Written by - Sana Quayyum
Designation - Intern, MediateGuru
The BALCO judgement has been a watershed decision as far International Arbitral Proceedings are concerned. It highlights the question that whether the arbitration proceedings held outside India or international commercial arbitration (ICA) with seat of arbitration outside India where the intervention of the Indian Court is sought by Indian parties in setting aside of foreign awards and making them unenforceable in India and thereby making the entire arbitration proceeding futile is validated by the Arbitration and Conciliation Act, 1996 (the Act) or not. In simpler terms whether Indian Courts can intervene in the arbitral proceedings conducted outside the India at international level. On 6th September 2012, the Constitutional bench of the Supreme Court by overruling its prior decisions of Bhatia Trading v. Bulk trading[1] and Venture Global Engineering v. Satyam Computer Services Ltd.[2] held that Part I of the Act does not apply to arbitration proceeding are held outside India and Indian Court cannot pass interim orders or set aside the foreign awards by resorting to Part I of the Act.
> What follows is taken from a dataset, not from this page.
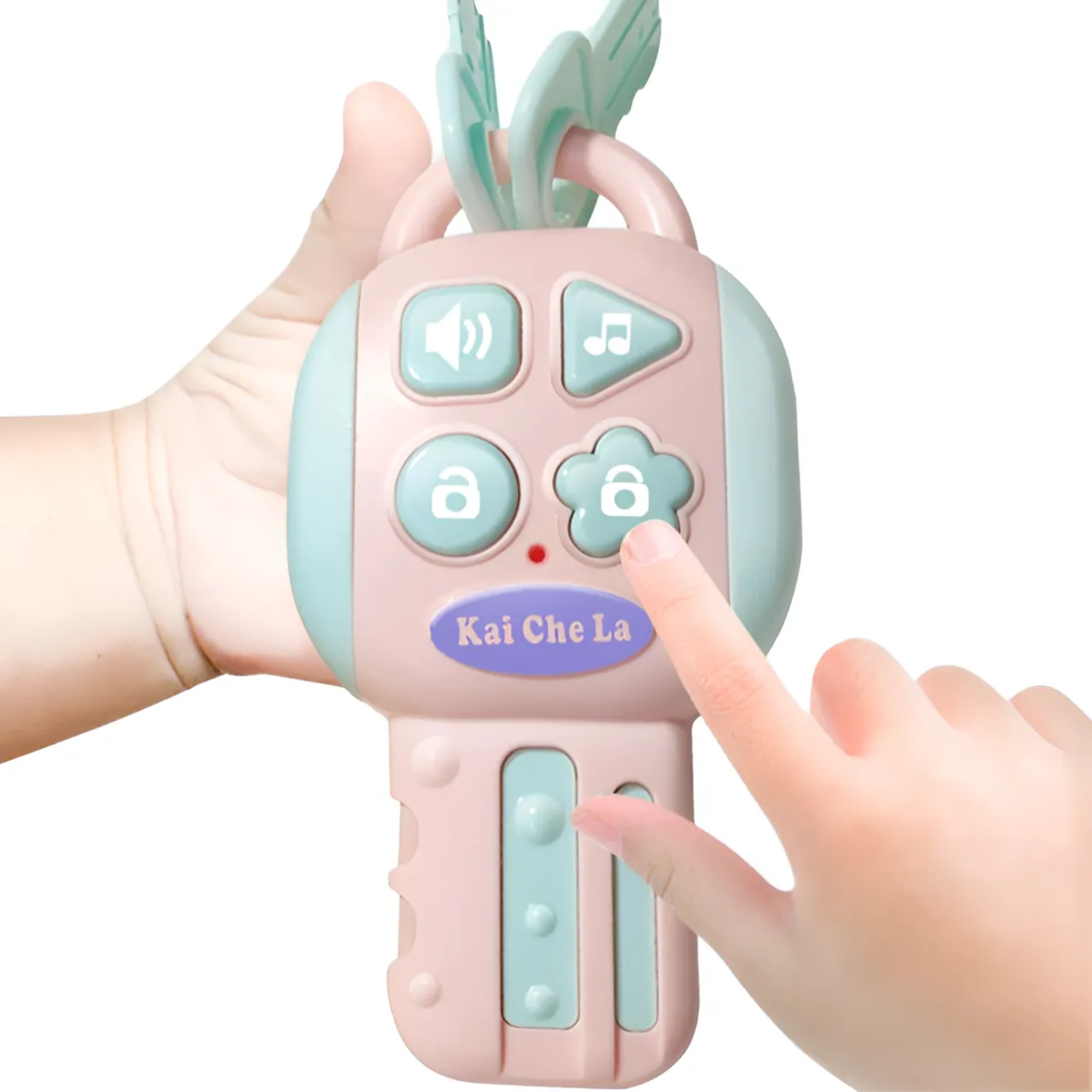 Llaves Musicales Interactivas para Bebé (Juguete Sensorial con Luces)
In order to understand the position post BALCO judgement, one must understand the pre-BALCO judgement status. The major decisions include Bhatia and Venture Global case. The Supreme Court in Bhatia Trading v bulk trading held that Part I of the Act applies to foreign awards passed by ICA proceedings that were held outside India. The Court was of opinion that Section 2(2) has neither expressly nor impliedly excluded the application of Part I to ICAs held outside India and hence it shall be applicable to ICA held outside India. In Venture Global v. Satyam Engineering the Court passed interim orders under Section 34 of Part I of the Act against the award passed in ICA held outside India relying on Bhatia Trading judgment.
These decisions were overturned by the Apex Court in 2012. The brief facts of the BALCO case were that the Appellants entered into an agreement with the respondents who were required to supply and install computer based system at one of the appellant’s premises. It was governed by the prevailing law of India containing an arbitration clause stating that any dispute which may arise in future shall be governed by the English arbitration law venue being London. A dispute with respect to performance of agreement arose and was referred to arbitration. The arbitration proceeding were held in England and two awards were passed in the proceeding. An application was filed under S.34 of Act for setting aside awards. The District and the High Court of Chhattisgarh refused to set aside the awards and an appeal was filed against the said order in the Supreme Court of India.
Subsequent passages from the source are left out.